§ Exercise details: In the material below, find the line with "After entering the" and the line with "So in a follow-up", then output both and every line between them exactly, omitting pictures.

§ Source information:
━━━━━━

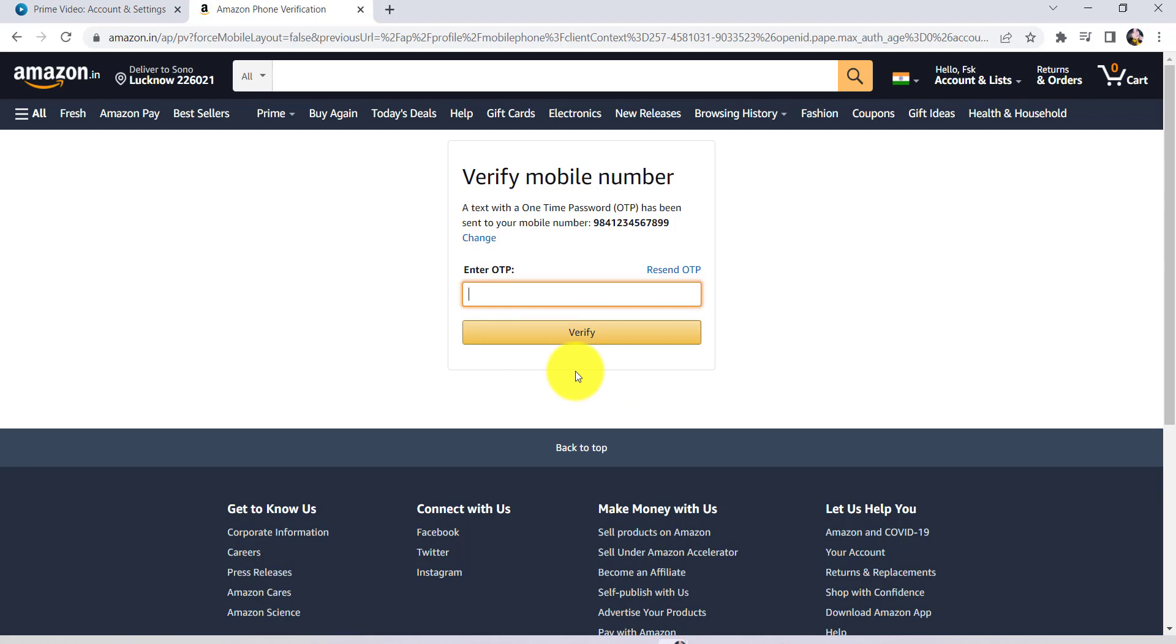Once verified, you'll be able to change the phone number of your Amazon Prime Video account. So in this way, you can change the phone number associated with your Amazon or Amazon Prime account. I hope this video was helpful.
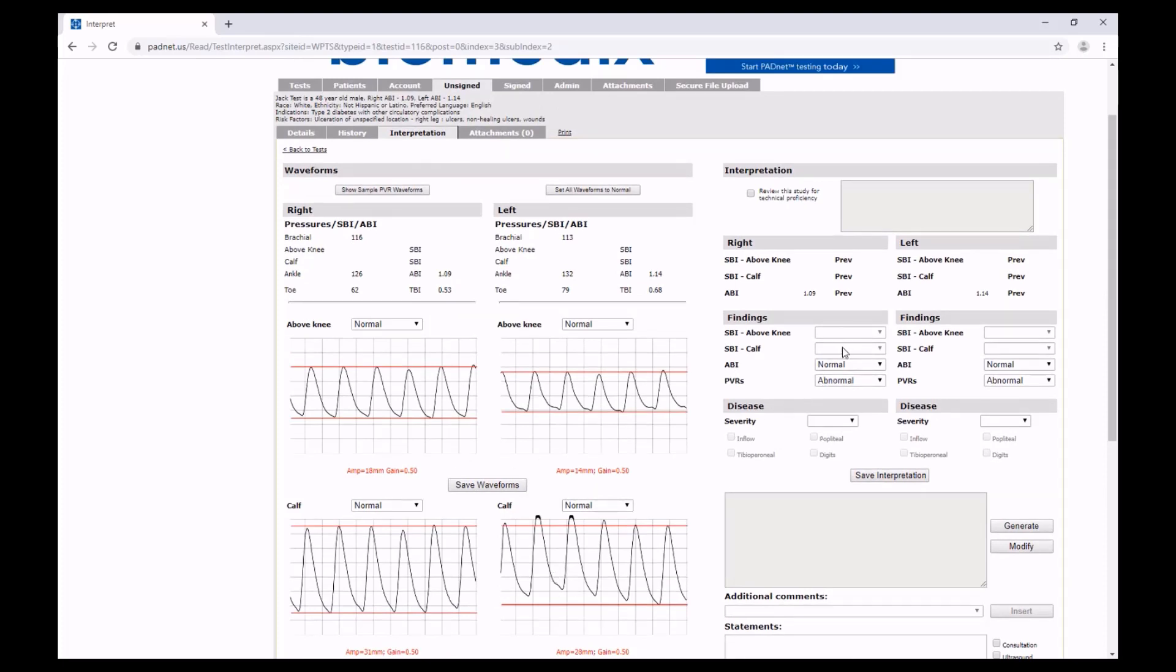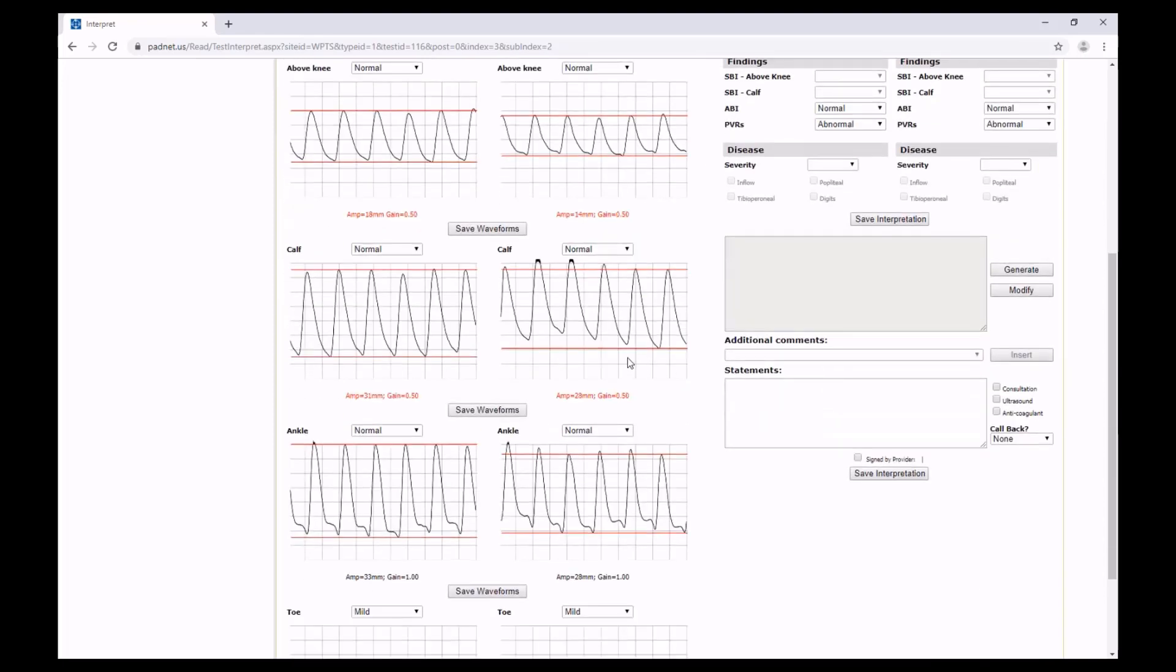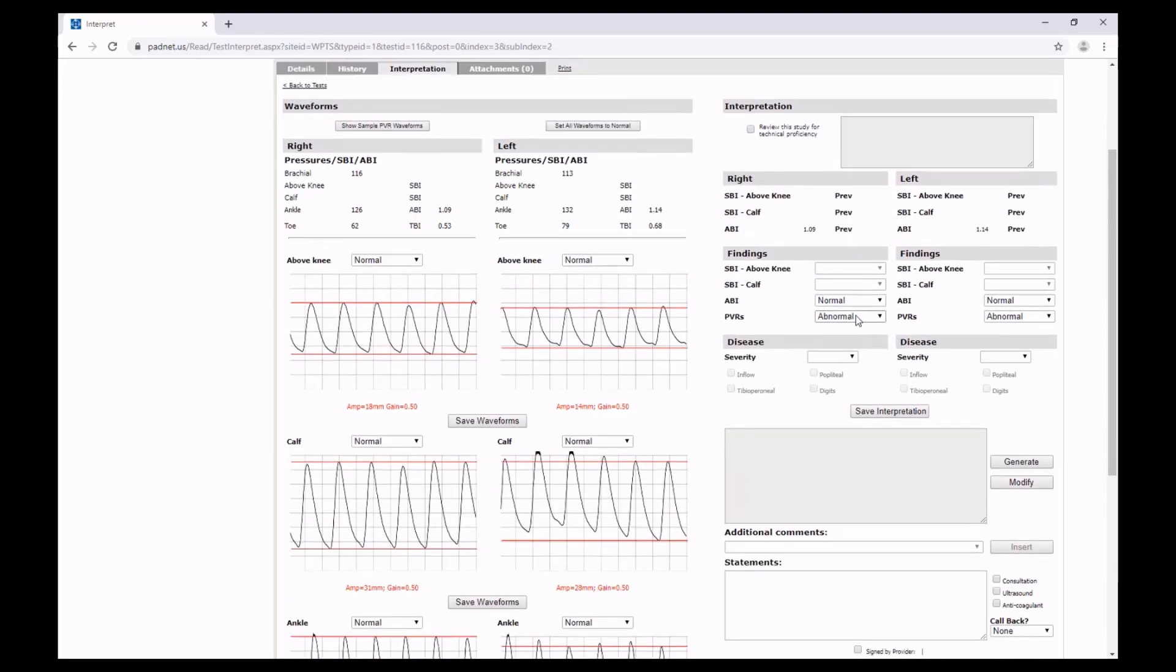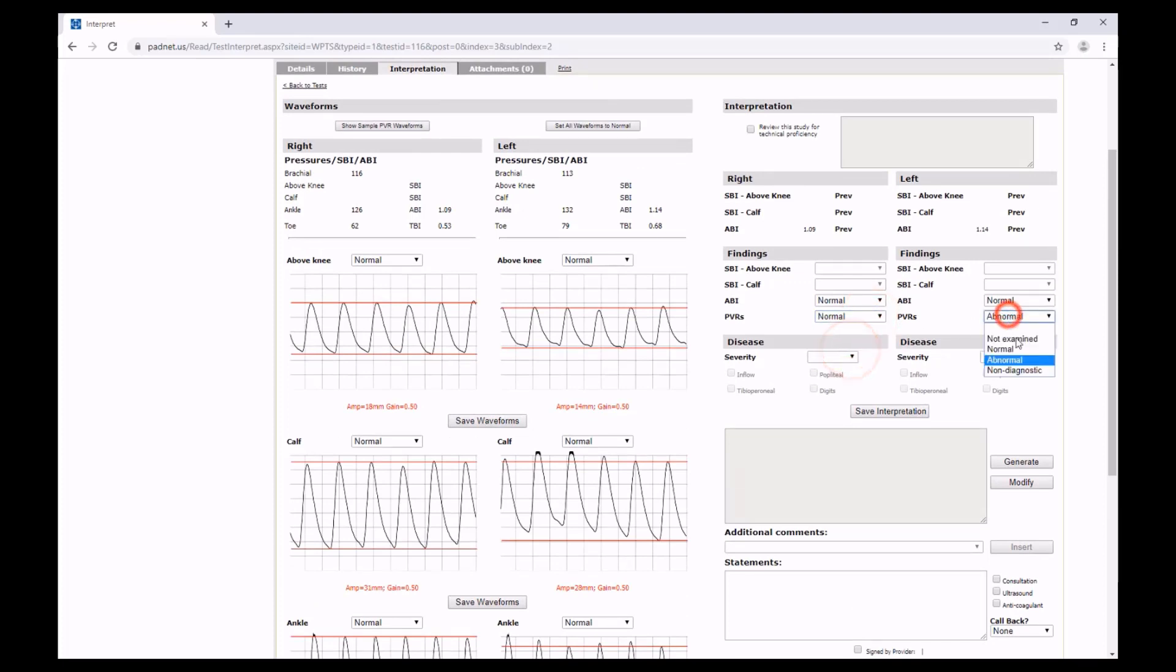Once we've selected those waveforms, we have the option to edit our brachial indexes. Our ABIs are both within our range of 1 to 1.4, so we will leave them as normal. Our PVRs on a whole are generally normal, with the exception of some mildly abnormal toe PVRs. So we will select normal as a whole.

━━━━━━

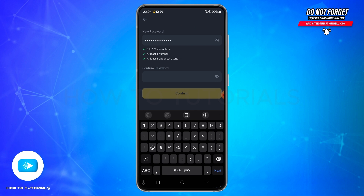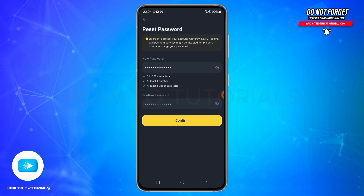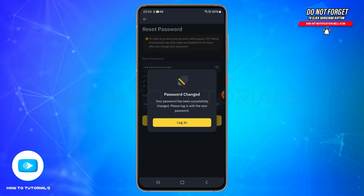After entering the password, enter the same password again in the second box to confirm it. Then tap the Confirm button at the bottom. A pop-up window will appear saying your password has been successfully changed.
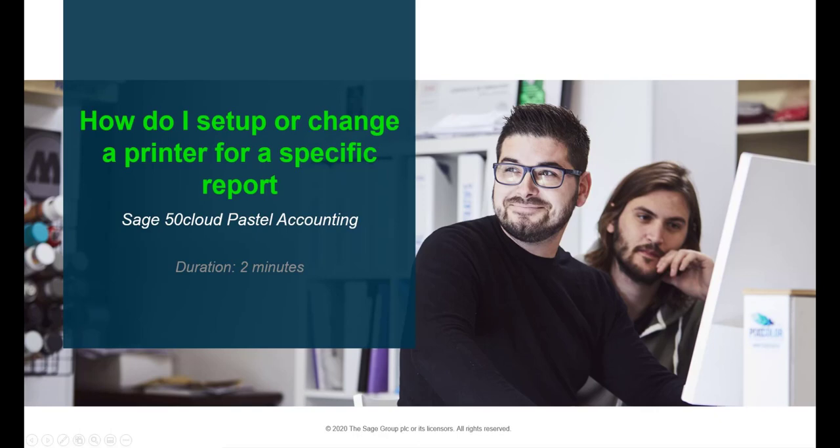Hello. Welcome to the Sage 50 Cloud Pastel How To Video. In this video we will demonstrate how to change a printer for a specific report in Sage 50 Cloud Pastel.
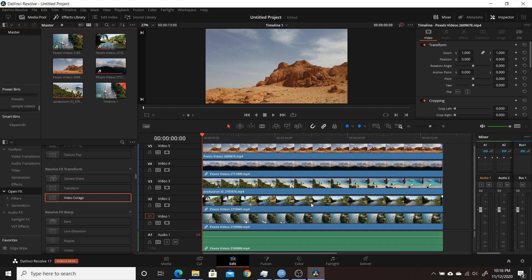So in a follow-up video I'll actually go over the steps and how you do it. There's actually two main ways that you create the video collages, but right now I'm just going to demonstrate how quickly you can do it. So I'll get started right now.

━━━━━━

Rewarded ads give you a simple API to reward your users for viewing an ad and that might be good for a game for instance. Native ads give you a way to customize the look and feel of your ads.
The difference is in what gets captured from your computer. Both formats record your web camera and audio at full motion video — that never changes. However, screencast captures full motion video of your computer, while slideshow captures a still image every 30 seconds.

━━━━━━

§ Solution to this task:
After entering the password, enter the same password again in the second box to confirm it. Then tap the Confirm button at the bottom. A pop-up window will appear saying your password has been successfully changed.
Hello. Welcome to the Sage 50 Cloud Pastel How To Video. In this video we will demonstrate how to change a printer for a specific report in Sage 50 Cloud Pastel.
So in a follow-up video I'll actually go over the steps and how you do it. There's actually two main ways that you create the video collages, but right now I'm just going to demonstrate how quickly you can do it. So I'll get started right now.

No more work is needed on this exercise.